| Work instructions |
Below are some records; quote exactly the lines from the one that contains "COURTSIDE black tee" through the one that contains "Beach Bridesmaid Colors, Light", inclusive, and no others.

| Material for this exercise |

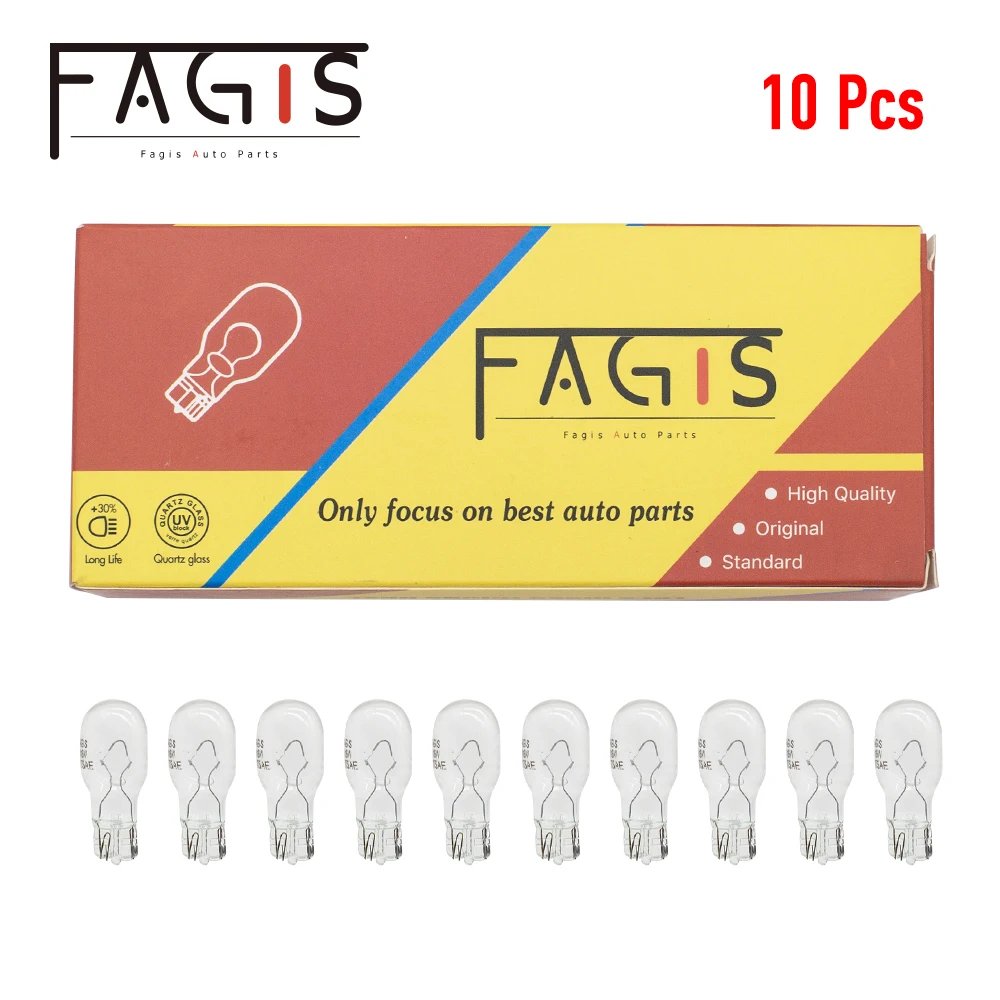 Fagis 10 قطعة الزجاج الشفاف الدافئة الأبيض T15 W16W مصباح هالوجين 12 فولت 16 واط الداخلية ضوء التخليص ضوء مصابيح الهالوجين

--

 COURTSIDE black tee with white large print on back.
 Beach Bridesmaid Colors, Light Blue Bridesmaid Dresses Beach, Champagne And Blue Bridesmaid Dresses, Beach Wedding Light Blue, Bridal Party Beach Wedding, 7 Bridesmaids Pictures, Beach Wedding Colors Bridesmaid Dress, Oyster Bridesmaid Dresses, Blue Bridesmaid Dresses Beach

==

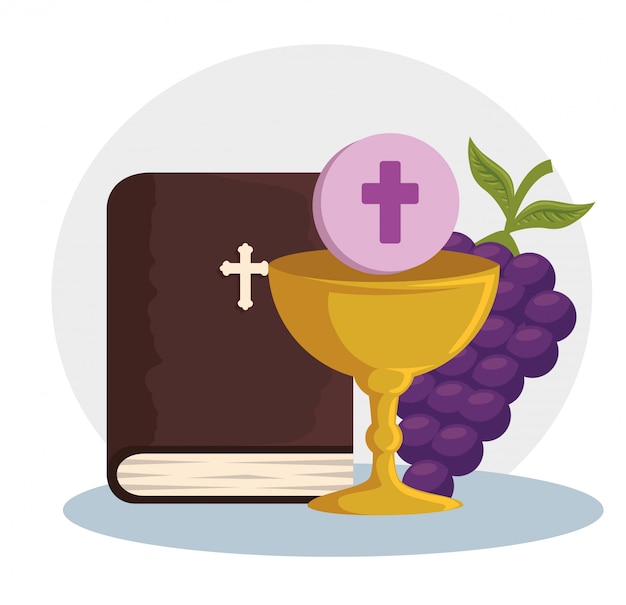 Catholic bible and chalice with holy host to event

| Answer to the problem |
 COURTSIDE black tee with white large print on back.
 Beach Bridesmaid Colors, Light Blue Bridesmaid Dresses Beach, Champagne And Blue Bridesmaid Dresses, Beach Wedding Light Blue, Bridal Party Beach Wedding, 7 Bridesmaids Pictures, Beach Wedding Colors Bridesmaid Dress, Oyster Bridesmaid Dresses, Blue Bridesmaid Dresses Beach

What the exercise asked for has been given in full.